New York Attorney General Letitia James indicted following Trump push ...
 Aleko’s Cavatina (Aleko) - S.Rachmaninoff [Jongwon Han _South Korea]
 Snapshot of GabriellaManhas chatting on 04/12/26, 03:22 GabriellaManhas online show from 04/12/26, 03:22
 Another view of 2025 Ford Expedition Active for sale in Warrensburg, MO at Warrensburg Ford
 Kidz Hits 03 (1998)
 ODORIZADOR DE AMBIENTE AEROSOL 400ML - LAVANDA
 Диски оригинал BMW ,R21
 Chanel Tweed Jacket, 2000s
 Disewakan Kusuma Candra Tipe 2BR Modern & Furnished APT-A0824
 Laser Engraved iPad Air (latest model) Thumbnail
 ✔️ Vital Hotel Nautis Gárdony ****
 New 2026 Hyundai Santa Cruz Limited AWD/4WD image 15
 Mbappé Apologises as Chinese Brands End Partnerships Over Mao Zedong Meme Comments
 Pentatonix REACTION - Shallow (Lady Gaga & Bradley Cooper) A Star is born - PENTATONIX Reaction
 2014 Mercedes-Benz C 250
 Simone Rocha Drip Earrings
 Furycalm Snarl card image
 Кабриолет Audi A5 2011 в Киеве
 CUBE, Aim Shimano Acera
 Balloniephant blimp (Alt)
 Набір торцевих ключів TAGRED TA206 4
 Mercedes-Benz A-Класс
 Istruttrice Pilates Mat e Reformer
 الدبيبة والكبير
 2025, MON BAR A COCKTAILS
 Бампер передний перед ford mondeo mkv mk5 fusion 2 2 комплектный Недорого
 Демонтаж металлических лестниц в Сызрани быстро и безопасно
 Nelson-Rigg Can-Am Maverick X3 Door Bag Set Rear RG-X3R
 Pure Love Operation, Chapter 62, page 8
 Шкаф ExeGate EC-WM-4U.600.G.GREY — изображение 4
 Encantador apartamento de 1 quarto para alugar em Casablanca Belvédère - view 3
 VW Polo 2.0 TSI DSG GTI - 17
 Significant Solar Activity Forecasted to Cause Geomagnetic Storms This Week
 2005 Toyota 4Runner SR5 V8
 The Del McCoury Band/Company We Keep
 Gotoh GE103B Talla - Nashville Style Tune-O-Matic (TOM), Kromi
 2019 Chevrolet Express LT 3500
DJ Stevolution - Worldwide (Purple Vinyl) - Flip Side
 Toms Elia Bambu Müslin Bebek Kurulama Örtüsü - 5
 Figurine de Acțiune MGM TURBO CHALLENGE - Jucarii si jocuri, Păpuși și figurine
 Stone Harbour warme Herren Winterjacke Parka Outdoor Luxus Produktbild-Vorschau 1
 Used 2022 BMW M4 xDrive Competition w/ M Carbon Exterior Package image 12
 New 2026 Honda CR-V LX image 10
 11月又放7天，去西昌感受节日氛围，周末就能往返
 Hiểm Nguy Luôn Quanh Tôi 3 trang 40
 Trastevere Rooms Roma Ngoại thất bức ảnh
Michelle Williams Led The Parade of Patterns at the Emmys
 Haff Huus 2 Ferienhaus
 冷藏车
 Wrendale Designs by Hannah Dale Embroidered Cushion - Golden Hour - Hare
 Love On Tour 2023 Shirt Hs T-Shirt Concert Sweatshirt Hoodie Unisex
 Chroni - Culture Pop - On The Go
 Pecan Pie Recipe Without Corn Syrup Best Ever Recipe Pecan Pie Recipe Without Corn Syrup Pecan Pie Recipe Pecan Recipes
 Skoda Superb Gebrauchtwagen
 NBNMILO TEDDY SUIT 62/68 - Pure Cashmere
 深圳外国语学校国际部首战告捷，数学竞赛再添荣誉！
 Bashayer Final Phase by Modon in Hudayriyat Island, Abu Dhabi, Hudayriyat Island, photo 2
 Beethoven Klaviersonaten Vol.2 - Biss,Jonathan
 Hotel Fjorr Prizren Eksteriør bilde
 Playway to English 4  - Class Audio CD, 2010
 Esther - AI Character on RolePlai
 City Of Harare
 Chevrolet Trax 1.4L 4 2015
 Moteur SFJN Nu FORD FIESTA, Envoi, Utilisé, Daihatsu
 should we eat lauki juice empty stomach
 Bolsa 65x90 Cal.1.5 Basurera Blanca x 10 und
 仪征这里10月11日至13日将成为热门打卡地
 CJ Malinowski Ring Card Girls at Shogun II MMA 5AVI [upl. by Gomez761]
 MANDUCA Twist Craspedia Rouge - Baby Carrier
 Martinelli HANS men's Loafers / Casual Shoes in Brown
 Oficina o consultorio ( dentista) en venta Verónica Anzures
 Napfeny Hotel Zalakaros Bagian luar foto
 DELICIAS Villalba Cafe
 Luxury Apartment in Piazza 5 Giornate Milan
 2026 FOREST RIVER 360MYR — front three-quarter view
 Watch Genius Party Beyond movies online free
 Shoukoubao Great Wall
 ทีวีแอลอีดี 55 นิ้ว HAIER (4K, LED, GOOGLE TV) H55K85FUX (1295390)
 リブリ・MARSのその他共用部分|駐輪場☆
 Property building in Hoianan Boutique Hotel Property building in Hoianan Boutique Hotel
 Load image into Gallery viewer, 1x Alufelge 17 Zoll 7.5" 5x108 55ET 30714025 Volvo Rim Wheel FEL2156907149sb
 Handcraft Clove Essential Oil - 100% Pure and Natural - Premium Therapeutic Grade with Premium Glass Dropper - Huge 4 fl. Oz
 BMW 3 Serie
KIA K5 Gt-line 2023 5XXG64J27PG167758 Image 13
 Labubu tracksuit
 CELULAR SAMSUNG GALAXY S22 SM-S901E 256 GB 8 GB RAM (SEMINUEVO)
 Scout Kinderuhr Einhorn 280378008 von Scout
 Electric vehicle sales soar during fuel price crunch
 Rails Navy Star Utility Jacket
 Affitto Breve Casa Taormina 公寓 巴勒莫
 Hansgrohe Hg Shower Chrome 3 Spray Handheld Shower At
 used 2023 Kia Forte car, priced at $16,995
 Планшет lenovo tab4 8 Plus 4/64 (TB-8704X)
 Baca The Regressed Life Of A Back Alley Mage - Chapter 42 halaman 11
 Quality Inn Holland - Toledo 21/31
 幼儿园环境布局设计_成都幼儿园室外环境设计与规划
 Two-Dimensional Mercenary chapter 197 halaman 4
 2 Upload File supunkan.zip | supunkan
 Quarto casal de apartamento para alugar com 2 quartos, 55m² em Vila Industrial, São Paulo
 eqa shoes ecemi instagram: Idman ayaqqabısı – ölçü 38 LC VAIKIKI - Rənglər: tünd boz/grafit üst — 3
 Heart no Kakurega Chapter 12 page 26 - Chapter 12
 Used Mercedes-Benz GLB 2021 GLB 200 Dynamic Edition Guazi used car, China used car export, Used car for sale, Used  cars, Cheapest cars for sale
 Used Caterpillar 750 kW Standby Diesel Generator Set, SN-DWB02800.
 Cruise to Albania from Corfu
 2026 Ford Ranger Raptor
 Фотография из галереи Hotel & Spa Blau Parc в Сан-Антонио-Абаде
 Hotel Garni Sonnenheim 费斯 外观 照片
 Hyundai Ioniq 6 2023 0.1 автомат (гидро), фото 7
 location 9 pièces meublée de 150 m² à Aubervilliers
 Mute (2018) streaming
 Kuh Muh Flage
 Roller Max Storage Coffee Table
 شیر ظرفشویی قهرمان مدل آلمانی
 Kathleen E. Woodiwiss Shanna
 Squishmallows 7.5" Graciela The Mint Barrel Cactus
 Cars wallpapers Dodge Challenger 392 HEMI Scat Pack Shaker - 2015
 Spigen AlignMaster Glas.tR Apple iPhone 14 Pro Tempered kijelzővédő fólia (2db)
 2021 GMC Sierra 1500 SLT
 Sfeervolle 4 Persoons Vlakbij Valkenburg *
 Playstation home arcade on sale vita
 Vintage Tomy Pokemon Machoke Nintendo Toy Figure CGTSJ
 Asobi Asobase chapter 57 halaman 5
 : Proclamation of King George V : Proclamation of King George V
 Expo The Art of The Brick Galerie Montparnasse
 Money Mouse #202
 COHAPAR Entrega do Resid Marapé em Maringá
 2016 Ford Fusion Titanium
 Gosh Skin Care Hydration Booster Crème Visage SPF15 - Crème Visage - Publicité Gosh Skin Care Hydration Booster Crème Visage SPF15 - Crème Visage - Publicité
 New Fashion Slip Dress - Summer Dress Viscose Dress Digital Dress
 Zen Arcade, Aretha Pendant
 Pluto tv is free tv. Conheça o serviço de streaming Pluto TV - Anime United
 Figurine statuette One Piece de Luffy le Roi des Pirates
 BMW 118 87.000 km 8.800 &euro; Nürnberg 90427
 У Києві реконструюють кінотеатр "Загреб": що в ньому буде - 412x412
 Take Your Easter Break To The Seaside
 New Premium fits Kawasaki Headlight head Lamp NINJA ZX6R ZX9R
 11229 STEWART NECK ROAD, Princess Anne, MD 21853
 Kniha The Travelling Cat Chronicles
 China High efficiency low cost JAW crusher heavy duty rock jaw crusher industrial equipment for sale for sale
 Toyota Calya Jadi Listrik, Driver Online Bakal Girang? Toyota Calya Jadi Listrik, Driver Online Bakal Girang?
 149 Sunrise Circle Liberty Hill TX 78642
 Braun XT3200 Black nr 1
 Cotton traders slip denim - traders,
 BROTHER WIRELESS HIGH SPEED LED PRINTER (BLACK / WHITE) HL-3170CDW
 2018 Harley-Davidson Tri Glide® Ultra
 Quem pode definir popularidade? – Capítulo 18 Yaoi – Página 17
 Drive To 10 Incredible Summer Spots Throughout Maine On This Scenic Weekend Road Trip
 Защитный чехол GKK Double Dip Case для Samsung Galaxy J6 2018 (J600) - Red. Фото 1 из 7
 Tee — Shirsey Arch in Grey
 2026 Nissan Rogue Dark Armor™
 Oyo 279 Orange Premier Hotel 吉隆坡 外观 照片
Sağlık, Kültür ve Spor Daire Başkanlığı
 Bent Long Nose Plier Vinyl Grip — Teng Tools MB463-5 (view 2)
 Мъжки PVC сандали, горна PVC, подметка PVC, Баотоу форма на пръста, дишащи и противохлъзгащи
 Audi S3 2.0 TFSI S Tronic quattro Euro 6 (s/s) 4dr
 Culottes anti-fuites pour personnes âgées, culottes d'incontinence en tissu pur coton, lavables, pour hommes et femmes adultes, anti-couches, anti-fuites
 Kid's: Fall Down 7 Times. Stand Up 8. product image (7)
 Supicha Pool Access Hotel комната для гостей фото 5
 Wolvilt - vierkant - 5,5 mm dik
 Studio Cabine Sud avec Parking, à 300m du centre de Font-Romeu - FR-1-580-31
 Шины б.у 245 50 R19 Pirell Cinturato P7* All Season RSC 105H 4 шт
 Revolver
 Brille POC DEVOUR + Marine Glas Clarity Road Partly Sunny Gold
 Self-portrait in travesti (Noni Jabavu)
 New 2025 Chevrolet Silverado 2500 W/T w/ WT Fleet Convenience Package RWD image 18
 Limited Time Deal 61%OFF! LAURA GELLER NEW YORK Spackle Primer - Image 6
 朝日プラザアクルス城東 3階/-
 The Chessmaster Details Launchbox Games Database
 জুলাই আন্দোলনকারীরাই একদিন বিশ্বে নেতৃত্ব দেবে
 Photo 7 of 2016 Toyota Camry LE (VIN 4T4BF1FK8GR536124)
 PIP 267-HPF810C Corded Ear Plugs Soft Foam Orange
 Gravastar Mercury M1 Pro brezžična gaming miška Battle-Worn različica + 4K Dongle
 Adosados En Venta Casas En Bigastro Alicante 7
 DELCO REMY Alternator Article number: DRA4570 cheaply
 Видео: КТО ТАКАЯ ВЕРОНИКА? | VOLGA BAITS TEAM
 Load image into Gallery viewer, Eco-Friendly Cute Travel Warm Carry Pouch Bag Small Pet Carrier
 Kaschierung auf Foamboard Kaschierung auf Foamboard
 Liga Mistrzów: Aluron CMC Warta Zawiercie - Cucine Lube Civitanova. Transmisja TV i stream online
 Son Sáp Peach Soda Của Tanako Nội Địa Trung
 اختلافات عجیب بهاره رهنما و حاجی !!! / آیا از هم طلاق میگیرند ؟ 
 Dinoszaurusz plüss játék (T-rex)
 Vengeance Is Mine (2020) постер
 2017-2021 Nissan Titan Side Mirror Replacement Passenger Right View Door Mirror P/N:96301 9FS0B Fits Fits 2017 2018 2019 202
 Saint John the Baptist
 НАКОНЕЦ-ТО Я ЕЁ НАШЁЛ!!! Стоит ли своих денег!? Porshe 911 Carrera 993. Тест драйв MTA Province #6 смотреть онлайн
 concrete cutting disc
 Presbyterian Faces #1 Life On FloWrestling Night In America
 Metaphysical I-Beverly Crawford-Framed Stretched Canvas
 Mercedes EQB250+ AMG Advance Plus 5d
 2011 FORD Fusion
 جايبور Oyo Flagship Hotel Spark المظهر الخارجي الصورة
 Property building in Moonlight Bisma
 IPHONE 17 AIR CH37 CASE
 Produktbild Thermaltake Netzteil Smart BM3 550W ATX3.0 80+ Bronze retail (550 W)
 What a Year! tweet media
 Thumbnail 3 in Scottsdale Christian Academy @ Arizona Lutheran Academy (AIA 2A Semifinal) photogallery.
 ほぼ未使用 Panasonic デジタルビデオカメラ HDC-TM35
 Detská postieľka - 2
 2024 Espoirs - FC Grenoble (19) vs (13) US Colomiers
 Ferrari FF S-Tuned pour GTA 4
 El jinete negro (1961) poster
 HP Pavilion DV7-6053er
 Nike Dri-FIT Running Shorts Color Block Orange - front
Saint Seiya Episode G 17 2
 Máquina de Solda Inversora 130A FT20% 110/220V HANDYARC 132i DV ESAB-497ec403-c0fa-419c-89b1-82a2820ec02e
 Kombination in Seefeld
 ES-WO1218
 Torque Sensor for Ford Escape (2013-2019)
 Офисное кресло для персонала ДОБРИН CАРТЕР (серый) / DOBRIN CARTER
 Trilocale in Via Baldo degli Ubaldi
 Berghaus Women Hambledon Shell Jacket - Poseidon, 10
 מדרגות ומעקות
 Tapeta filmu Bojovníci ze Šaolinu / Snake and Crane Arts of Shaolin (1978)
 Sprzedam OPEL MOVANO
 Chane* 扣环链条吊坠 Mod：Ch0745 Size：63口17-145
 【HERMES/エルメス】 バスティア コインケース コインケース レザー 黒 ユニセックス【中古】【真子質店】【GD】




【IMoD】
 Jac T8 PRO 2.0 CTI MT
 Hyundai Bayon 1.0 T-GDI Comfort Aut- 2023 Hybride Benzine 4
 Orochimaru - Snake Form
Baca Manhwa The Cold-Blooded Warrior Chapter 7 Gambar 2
————
**WHAT IS BEING ASKED:**
Beginning with the very first line of the material above, give each line again exactly, ending with the line that contains "Mbappé Apologises as".

**ANSWER TO THIS TASK:**
New York Attorney General Letitia James indicted following Trump push ...
 Aleko’s Cavatina (Aleko) - S.Rachmaninoff [Jongwon Han _South Korea]
 Snapshot of GabriellaManhas chatting on 04/12/26, 03:22 GabriellaManhas online show from 04/12/26, 03:22
 Another view of 2025 Ford Expedition Active for sale in Warrensburg, MO at Warrensburg Ford
 Kidz Hits 03 (1998)
 ODORIZADOR DE AMBIENTE AEROSOL 400ML - LAVANDA
 Диски оригинал BMW ,R21
 Chanel Tweed Jacket, 2000s
 Disewakan Kusuma Candra Tipe 2BR Modern & Furnished APT-A0824
 Laser Engraved iPad Air (latest model) Thumbnail
 ✔️ Vital Hotel Nautis Gárdony ****
 New 2026 Hyundai Santa Cruz Limited AWD/4WD image 15
 Mbappé Apologises as Chinese Brands End Partnerships Over Mao Zedong Meme Comments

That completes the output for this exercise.